• _Task to carry out_
A verbatim transcript of the lines below, starting at the first and ending with the one that holds "Cumpara ieftin Ceas", is what should be produced.

• _Records for the exercise_
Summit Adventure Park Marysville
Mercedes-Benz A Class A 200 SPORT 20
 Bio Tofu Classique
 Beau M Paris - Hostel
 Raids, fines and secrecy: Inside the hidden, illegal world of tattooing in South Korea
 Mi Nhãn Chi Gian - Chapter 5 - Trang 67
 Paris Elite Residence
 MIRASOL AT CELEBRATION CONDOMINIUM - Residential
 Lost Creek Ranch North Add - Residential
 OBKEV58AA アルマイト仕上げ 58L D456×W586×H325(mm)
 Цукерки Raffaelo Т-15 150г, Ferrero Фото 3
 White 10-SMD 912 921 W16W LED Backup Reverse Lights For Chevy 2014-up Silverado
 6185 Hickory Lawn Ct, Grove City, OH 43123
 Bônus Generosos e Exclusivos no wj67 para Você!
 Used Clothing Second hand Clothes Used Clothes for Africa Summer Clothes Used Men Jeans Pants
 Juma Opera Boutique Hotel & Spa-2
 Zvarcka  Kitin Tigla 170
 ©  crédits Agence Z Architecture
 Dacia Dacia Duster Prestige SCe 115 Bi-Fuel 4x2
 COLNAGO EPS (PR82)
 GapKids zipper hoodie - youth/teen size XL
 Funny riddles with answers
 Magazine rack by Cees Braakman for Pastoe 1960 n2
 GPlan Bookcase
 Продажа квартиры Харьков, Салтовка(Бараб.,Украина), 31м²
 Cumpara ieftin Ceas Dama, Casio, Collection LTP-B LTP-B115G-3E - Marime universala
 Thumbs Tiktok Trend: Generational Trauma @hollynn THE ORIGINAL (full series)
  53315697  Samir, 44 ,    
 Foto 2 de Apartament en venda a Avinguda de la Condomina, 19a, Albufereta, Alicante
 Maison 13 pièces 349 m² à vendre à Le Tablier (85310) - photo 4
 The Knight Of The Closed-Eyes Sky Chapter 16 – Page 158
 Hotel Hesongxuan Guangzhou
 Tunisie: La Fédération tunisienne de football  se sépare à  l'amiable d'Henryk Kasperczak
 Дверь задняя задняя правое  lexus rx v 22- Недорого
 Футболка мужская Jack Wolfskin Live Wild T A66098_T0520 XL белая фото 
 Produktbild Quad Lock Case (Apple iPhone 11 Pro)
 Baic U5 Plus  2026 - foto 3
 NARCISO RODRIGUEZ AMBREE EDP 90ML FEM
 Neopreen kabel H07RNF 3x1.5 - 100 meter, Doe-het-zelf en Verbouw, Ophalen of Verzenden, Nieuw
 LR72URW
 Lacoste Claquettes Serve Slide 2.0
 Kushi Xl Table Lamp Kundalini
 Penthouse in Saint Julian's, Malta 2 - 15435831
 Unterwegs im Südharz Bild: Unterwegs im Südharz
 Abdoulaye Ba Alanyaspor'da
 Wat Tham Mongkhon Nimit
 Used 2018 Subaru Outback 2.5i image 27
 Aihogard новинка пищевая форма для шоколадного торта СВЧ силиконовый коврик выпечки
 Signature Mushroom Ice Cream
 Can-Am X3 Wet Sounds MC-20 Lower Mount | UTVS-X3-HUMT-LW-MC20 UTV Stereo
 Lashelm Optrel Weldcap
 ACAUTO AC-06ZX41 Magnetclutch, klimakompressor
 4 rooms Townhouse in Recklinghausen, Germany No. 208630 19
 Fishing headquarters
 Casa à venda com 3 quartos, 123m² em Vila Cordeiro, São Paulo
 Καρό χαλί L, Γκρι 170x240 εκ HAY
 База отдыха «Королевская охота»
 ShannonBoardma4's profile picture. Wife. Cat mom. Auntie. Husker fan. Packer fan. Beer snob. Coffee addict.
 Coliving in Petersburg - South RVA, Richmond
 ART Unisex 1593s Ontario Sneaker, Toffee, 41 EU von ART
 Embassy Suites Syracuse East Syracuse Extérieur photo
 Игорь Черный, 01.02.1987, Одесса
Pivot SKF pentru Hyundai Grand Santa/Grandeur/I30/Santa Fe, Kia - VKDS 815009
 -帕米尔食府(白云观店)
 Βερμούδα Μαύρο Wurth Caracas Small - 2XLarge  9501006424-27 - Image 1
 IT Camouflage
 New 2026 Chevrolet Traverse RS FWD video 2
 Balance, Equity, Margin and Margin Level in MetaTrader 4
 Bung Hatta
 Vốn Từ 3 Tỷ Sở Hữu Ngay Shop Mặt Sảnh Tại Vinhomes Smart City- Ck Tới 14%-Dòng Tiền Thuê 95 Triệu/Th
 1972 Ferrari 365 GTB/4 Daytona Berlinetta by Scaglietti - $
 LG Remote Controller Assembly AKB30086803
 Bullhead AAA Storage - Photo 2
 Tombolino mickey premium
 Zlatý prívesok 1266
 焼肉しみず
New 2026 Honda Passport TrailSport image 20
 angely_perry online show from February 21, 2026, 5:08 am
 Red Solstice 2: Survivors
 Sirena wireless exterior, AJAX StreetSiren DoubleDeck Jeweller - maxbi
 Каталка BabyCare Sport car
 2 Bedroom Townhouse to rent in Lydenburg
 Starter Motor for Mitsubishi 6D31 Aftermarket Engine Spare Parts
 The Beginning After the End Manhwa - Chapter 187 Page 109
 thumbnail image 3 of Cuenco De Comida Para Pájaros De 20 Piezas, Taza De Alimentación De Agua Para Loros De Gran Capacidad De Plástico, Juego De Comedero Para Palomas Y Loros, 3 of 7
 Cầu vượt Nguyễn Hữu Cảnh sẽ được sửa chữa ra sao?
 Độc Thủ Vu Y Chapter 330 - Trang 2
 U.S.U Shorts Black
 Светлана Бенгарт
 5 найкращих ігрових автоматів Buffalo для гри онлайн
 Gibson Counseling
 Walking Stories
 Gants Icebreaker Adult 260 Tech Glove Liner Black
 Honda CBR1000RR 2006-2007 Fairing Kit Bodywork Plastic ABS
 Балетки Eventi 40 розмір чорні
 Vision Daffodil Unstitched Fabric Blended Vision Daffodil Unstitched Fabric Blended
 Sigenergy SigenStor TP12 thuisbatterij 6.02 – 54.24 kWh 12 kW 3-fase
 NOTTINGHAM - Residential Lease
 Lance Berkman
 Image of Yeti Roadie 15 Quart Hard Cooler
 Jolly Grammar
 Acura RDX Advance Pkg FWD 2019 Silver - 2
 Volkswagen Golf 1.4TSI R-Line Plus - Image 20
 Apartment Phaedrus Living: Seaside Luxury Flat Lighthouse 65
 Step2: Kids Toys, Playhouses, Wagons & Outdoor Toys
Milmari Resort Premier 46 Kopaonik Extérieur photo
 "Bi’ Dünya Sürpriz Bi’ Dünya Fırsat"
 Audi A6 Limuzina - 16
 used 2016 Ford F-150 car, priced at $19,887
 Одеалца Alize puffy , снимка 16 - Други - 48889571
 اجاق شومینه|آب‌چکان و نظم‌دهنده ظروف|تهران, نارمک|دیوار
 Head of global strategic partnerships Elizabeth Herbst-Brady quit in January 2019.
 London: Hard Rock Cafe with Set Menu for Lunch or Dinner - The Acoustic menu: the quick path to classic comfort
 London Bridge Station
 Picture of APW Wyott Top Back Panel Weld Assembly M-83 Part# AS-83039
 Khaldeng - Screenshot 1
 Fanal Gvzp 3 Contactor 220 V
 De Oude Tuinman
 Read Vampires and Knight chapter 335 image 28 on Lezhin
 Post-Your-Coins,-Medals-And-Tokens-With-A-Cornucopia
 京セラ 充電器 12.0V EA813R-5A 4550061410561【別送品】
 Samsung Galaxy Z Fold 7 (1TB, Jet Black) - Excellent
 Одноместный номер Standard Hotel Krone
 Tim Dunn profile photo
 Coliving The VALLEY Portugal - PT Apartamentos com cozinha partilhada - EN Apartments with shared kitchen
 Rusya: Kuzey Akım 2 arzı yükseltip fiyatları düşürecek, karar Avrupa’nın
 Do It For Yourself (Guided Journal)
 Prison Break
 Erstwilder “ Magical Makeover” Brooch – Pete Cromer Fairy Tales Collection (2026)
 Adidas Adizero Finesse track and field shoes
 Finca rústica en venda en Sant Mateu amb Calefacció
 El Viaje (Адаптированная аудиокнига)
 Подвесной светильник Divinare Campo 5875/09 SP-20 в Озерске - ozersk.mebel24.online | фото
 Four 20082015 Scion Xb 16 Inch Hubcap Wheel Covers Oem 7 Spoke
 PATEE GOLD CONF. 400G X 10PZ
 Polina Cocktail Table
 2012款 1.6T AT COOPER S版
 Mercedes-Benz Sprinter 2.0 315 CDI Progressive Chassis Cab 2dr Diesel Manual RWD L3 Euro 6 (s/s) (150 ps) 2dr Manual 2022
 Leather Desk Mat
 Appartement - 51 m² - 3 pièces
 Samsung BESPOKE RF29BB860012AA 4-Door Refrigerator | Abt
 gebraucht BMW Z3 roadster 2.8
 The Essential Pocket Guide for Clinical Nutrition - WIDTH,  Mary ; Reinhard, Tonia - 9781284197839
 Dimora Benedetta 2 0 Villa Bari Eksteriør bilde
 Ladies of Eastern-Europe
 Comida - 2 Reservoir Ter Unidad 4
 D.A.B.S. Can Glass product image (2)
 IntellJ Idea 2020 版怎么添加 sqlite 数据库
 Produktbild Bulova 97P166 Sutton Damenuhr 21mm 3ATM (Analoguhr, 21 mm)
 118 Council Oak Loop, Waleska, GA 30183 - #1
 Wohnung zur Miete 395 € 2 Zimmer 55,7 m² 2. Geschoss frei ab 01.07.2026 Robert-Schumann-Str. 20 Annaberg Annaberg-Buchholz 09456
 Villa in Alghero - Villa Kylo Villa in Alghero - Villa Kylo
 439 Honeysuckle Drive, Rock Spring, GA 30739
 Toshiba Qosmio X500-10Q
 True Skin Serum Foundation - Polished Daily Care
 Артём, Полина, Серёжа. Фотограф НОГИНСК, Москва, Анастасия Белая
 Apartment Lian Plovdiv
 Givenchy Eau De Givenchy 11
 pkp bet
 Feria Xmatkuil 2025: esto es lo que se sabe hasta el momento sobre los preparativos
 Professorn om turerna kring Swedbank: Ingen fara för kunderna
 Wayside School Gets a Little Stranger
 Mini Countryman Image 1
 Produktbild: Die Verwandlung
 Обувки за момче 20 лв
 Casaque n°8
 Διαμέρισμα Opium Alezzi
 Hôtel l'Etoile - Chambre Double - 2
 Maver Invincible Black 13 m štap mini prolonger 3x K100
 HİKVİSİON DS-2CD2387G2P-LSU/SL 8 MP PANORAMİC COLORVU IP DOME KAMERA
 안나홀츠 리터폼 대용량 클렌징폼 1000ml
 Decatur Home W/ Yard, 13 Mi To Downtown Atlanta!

• _Answer space_
Summit Adventure Park Marysville
Mercedes-Benz A Class A 200 SPORT 20
 Bio Tofu Classique
 Beau M Paris - Hostel
 Raids, fines and secrecy: Inside the hidden, illegal world of tattooing in South Korea
 Mi Nhãn Chi Gian - Chapter 5 - Trang 67
 Paris Elite Residence
 MIRASOL AT CELEBRATION CONDOMINIUM - Residential
 Lost Creek Ranch North Add - Residential
 OBKEV58AA アルマイト仕上げ 58L D456×W586×H325(mm)
 Цукерки Raffaelo Т-15 150г, Ferrero Фото 3
 White 10-SMD 912 921 W16W LED Backup Reverse Lights For Chevy 2014-up Silverado
 6185 Hickory Lawn Ct, Grove City, OH 43123
 Bônus Generosos e Exclusivos no wj67 para Você!
 Used Clothing Second hand Clothes Used Clothes for Africa Summer Clothes Used Men Jeans Pants
 Juma Opera Boutique Hotel & Spa-2
 Zvarcka  Kitin Tigla 170
 ©  crédits Agence Z Architecture
 Dacia Dacia Duster Prestige SCe 115 Bi-Fuel 4x2
 COLNAGO EPS (PR82)
 GapKids zipper hoodie - youth/teen size XL
 Funny riddles with answers
 Magazine rack by Cees Braakman for Pastoe 1960 n2
 GPlan Bookcase
 Продажа квартиры Харьков, Салтовка(Бараб.,Украина), 31м²
 Cumpara ieftin Ceas Dama, Casio, Collection LTP-B LTP-B115G-3E - Marime universala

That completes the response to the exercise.